Молча покачивал головой, умиротворенно радуясь успехам давнего своего товарища – и действительно самоотверженным трудом подтвердившего расхожую поговорку о «втором дыхании»: вот оно!.. Покачивал головой, а сам невольно поглядывал на главную, на «пушкинскую» картину – не отпускала.
При всей свободе и воле воображения – какая выверенность линий, какая выразительная точность всякого жеста!
– Руки Натальи Николаевны – ещё ладно, – будто сам с собою заговорил. – Беспомощность женщины, к которой многое приходит задним числом… Но его руки так изобразить! Особенно – правая… рука творца…
– По-моему, эта рука и оторвала меня от пола и хоть немного приподняла, – в обычной своей манере ворчливо, ещё не дослушав, остановил мои размышления Эдуард.
Понимает ли сам до конца, сколь многое ему теперь удалось?

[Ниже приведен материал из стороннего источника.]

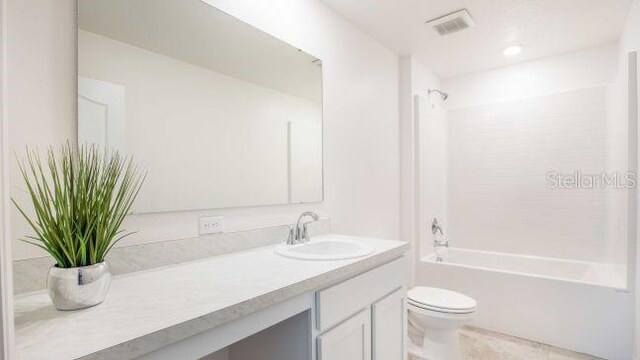114 Tulip Ln, Poinciana, FL 34759 - full bathroom with shower / tub combination, visible vents, toilet, and vanity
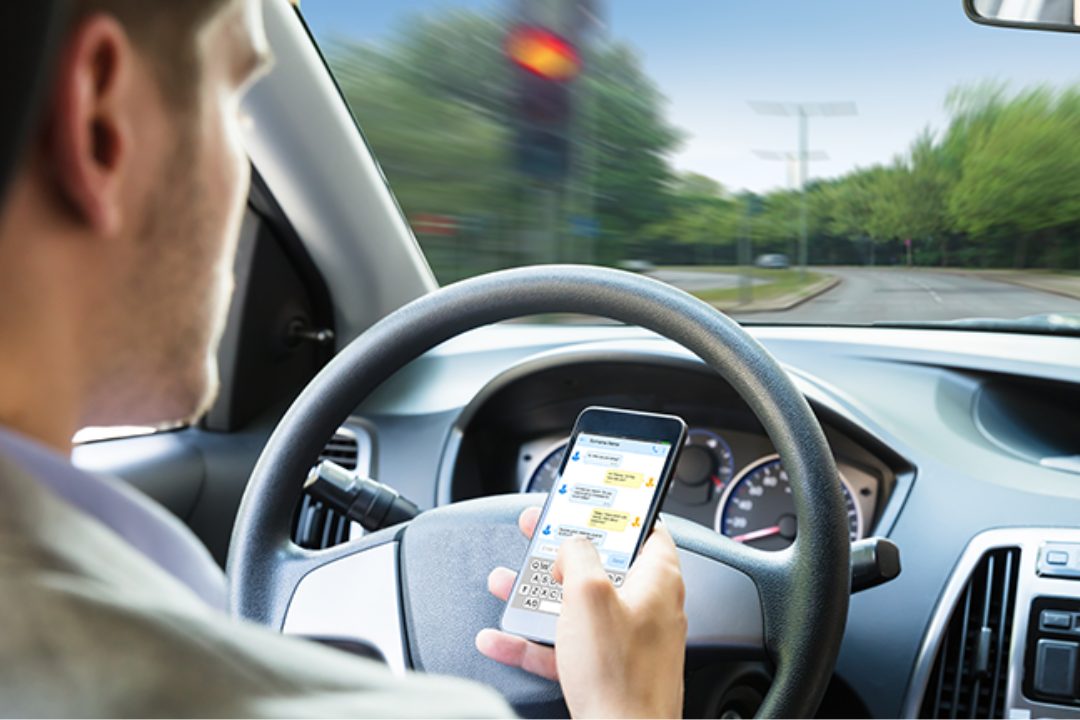 homme envoyant un sms au volant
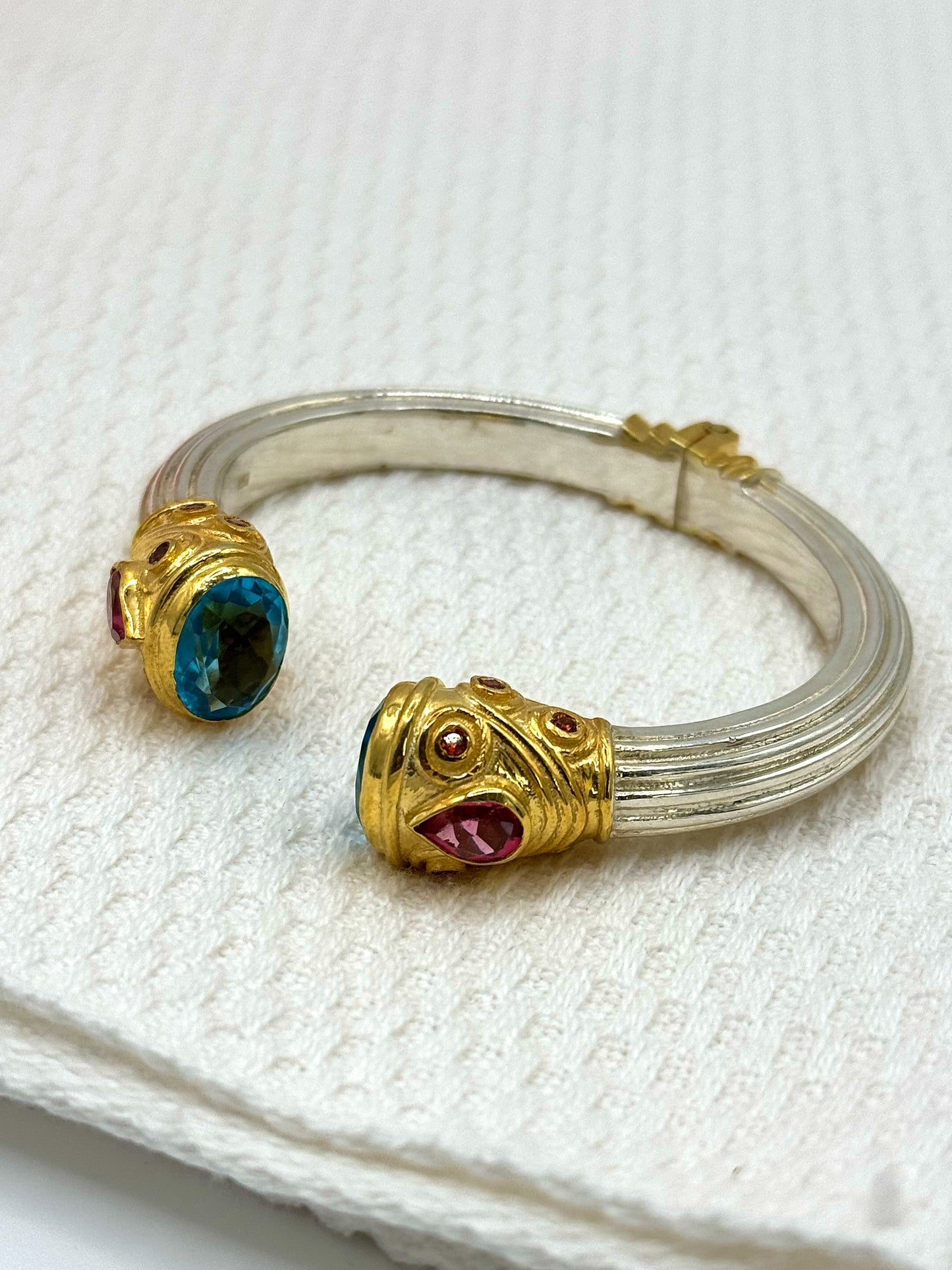 Silver & Gold Plated Blue Topaz, Pink Topaz and Garnet Jewelled Bangle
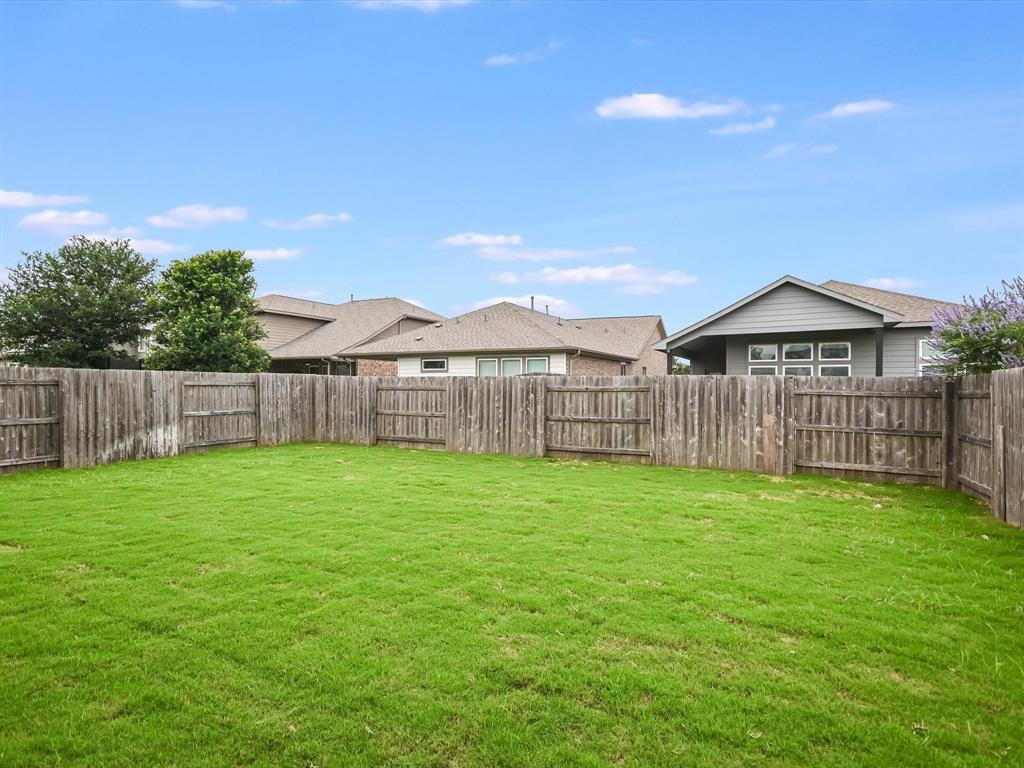 736 Bonnet Boulevard Georgetown, TX 78628 - Photo 17 of 27 a view of a backyard with a garden and deck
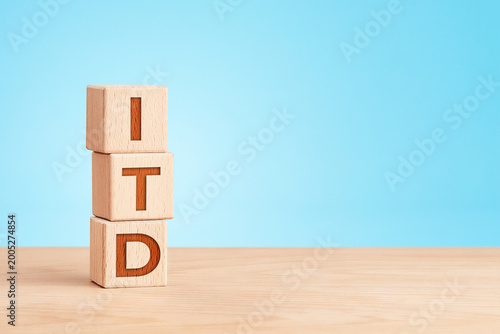 Information technology concept with wooden cubes on blue background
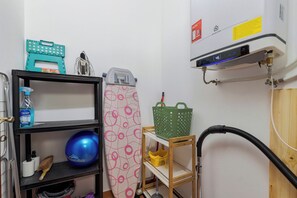 A laundry area with an iron, a blue exercise ball, a green basket, and a water heater. - Brisa do Tejo, By Home Match (Alcochete)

Не преувеличиваю: ведь в многолетних раздумьях о грандиозных наших планах и малых делах родился не только крошечный мой рассказик «Иней на стекле» – был потом большой рассказ «Приключения скелета в Майкопе», в котором я вволю поиздевался над Эдиком, над нами с ним, над собой, над обитателями соседних с овчаренковской мастерских… вообще-то странное дело, странное! В мастерских этих провел куда больше времени, чем где бы то в здешних краях ни было, давно сделались чуть ли не родными, а правда! Только теперь вот со всею определенностью и понял, как тут здешние художники все вместе потихоньку растили меня: и незаметно влияли, и втолковывали свое, и потихоньку, когда надо, подбадривали и подпитывали – не только в смысле пития, нет…
А что же наша «белокаменная»? Как мы ещё недавно говаривали: «столица всего передового и прогрессивного»?..
Пусть в ней каждому, кто этого заслужил, поможет Господь с претворением самых амбициозных планов!
Но главное в России происходит нынче не там, а в якобы тихой, но все больше осознающей свою ответственность за состояние духа, за нравственное здоровье страны, провинции.
В том числе, если хотите, – в адыгейском Майкопе.